The U.2 to PCIe carriers are a mix of single and dual drives. (cat /proc/interrupts |grep -i nmi does show an awful lot of Non-maskable interrupts. but no PCIe errors… should I be worried about that?).

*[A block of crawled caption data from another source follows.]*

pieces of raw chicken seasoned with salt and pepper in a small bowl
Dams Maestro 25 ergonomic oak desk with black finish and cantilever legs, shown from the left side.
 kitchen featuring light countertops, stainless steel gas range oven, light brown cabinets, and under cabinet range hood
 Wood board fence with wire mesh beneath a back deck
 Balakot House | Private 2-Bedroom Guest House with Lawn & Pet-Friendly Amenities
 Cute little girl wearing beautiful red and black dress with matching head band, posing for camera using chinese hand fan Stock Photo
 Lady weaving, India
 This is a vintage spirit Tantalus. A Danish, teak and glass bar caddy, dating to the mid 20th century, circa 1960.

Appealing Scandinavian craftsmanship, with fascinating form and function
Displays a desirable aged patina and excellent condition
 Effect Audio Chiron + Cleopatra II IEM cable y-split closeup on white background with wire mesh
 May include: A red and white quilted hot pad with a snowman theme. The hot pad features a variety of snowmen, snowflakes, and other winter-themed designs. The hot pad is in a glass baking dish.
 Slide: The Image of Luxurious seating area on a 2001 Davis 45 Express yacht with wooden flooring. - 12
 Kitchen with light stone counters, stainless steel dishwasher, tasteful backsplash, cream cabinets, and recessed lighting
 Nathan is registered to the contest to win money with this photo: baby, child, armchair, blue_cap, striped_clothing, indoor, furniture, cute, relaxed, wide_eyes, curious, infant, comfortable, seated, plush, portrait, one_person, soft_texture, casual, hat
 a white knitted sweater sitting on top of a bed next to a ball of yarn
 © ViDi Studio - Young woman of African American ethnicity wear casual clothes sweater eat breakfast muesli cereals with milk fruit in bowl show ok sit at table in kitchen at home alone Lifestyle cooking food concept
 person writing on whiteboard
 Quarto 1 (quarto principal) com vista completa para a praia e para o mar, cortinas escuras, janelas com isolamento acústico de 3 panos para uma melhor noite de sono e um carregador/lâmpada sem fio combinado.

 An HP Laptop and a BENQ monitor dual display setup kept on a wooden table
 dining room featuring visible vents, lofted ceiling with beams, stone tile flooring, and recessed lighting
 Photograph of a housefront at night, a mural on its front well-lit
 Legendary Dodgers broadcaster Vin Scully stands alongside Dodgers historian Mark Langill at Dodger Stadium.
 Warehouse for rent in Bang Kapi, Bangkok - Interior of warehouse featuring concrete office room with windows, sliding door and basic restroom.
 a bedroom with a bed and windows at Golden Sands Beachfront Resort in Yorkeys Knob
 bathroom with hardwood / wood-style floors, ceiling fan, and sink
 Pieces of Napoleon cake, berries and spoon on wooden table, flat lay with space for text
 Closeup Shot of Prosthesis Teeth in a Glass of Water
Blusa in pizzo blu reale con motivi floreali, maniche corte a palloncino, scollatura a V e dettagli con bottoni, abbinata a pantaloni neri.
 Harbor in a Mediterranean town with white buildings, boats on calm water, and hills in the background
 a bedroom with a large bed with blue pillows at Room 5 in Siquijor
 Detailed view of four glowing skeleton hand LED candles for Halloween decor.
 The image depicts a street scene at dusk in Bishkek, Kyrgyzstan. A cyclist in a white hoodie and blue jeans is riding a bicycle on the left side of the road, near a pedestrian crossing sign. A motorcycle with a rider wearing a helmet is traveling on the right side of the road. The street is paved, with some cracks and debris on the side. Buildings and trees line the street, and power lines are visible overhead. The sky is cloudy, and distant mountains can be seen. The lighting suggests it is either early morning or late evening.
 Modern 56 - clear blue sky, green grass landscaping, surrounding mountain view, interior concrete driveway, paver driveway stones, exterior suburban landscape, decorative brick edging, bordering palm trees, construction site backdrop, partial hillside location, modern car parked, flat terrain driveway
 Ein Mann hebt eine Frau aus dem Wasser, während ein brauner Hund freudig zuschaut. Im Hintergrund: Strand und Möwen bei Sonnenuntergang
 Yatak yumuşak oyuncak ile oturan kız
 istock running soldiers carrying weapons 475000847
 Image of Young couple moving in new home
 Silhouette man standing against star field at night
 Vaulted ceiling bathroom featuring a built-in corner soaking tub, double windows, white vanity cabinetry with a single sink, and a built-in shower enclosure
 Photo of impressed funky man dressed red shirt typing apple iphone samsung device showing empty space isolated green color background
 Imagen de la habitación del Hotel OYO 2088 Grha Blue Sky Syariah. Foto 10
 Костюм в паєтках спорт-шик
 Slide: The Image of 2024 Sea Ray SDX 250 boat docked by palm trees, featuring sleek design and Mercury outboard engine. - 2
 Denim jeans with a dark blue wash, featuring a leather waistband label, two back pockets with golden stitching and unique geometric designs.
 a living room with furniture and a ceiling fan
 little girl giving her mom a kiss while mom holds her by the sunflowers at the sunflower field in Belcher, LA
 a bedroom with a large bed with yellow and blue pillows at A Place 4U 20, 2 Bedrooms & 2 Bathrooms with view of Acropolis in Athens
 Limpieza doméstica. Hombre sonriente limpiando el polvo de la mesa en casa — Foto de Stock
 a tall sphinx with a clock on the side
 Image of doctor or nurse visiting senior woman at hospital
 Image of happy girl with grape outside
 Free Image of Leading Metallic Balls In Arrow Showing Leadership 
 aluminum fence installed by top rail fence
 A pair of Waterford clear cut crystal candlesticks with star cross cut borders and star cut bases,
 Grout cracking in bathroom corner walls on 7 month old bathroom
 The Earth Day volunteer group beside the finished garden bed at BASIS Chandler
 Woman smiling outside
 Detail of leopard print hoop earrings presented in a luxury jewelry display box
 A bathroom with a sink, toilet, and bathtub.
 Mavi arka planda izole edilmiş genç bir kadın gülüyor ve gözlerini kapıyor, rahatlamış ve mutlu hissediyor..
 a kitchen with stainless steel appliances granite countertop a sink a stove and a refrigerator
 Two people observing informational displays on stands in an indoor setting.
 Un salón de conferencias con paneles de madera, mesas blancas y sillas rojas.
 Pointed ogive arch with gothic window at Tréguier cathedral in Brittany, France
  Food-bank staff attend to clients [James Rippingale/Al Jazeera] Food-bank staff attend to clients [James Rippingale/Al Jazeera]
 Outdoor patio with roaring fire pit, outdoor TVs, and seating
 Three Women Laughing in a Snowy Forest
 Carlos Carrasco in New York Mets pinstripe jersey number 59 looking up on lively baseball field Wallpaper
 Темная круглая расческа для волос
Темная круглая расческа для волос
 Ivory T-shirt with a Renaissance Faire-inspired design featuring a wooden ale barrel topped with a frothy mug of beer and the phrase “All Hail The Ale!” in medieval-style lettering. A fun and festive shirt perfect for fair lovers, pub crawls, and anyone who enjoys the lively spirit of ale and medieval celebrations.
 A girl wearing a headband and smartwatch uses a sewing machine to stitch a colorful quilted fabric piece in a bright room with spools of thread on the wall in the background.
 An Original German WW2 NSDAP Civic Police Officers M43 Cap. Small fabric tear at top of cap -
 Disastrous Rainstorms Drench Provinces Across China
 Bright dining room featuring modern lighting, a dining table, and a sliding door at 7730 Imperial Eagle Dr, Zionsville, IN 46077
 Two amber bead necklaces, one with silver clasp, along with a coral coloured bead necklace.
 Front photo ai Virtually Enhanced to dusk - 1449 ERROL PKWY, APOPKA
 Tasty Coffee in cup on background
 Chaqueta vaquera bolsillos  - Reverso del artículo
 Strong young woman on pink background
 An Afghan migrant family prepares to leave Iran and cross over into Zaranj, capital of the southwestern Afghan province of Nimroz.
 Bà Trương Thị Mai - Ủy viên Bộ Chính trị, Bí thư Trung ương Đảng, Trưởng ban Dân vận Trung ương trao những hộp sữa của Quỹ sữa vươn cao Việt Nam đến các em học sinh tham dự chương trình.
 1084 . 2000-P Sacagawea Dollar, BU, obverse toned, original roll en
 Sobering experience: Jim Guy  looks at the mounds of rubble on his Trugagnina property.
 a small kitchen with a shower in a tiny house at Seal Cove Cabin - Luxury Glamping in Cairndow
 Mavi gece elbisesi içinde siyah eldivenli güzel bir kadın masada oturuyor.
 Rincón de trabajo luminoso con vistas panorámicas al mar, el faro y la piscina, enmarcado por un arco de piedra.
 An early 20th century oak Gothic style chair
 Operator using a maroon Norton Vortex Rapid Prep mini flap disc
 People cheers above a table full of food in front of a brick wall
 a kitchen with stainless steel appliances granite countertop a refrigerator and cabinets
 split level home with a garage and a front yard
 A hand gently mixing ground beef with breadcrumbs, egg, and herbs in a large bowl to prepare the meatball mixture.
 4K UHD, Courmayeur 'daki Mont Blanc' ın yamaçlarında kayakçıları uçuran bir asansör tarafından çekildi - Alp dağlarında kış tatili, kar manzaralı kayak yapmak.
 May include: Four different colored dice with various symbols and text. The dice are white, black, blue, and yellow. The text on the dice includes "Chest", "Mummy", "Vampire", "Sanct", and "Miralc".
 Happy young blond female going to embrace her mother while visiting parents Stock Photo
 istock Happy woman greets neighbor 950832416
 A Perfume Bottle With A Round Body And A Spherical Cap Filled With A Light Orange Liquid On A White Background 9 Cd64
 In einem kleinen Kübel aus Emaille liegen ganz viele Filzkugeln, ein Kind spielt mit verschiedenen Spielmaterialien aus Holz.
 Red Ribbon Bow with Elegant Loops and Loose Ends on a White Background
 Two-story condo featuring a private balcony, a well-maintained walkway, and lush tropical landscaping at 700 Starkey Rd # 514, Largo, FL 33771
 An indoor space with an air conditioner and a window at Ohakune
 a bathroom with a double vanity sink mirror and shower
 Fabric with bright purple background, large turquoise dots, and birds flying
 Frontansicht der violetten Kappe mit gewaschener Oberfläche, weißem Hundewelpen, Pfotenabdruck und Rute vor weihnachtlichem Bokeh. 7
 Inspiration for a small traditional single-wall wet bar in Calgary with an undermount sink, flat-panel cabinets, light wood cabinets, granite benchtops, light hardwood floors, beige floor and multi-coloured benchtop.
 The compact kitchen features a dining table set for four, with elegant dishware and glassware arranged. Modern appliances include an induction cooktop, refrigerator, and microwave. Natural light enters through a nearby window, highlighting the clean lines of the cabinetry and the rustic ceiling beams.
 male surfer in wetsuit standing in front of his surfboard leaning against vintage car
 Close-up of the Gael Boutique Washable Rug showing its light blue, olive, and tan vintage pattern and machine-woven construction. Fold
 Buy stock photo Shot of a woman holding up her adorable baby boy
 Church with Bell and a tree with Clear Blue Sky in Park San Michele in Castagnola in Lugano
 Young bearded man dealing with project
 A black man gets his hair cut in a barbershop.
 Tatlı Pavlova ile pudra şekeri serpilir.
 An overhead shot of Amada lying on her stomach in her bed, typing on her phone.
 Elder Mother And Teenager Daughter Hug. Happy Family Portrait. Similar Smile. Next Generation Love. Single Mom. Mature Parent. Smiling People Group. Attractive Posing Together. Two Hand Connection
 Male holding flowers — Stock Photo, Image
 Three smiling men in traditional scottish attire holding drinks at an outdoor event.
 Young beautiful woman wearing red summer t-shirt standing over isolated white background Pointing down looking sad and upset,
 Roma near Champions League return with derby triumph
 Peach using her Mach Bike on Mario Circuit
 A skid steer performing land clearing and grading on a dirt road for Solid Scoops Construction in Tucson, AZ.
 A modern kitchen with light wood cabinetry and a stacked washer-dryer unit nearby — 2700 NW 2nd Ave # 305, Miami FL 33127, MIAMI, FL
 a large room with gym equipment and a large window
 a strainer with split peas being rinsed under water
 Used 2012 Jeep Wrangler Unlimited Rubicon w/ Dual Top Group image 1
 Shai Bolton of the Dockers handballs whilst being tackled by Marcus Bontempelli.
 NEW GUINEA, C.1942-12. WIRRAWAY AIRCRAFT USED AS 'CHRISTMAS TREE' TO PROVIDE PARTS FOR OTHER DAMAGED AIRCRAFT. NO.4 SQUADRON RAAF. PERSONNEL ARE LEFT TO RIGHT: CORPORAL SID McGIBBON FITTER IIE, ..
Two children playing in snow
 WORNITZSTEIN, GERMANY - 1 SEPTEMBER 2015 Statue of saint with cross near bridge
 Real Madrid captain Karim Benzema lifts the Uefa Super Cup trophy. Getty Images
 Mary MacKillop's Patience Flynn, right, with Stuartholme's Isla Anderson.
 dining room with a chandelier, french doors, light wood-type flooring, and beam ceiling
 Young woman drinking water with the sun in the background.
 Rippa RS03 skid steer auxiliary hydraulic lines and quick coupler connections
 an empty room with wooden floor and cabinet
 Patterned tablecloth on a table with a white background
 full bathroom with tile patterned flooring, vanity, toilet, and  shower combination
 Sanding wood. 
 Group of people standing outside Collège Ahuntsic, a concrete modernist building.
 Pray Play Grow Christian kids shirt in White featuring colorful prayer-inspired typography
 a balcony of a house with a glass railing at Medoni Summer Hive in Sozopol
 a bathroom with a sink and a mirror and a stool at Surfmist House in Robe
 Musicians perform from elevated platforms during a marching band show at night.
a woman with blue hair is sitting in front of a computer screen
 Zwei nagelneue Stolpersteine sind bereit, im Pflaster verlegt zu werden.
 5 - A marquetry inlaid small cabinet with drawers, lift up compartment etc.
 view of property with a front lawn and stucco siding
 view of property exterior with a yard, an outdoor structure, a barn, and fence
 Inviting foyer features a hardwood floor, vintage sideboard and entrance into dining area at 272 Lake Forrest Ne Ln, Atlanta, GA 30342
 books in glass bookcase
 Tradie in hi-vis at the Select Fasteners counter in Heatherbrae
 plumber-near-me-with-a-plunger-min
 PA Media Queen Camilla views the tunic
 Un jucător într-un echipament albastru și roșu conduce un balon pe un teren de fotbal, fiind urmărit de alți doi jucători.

I have tried 4 and 8 dimms per socket.
The motherboards are the Supermicro X12DPI-NT6 (dual socket) and X12SPI-TF.
What now?
Well, I called Allyn… but… TODO
The Unrelated But Disturbing Kernel Panics, maybe related to md
So a couple of times testing the dual processor system I got hard lock/kernel panic. Magic SysReq didn’t even work and a time or two I had to reflash the bios via IPMI to get it to post again. I was unable to reliably get it to panic, but it seemed like it might be related to XFS on Linux MD. Eventually, after many hours, we found that a chia plotter… of all things… would almost always cause a panic. There is an issue being tracked for this on the kernel bug list. But why would that cause me to have to flash the bios to get POST again. (SEL full not handled well on these boards is my current best guess.)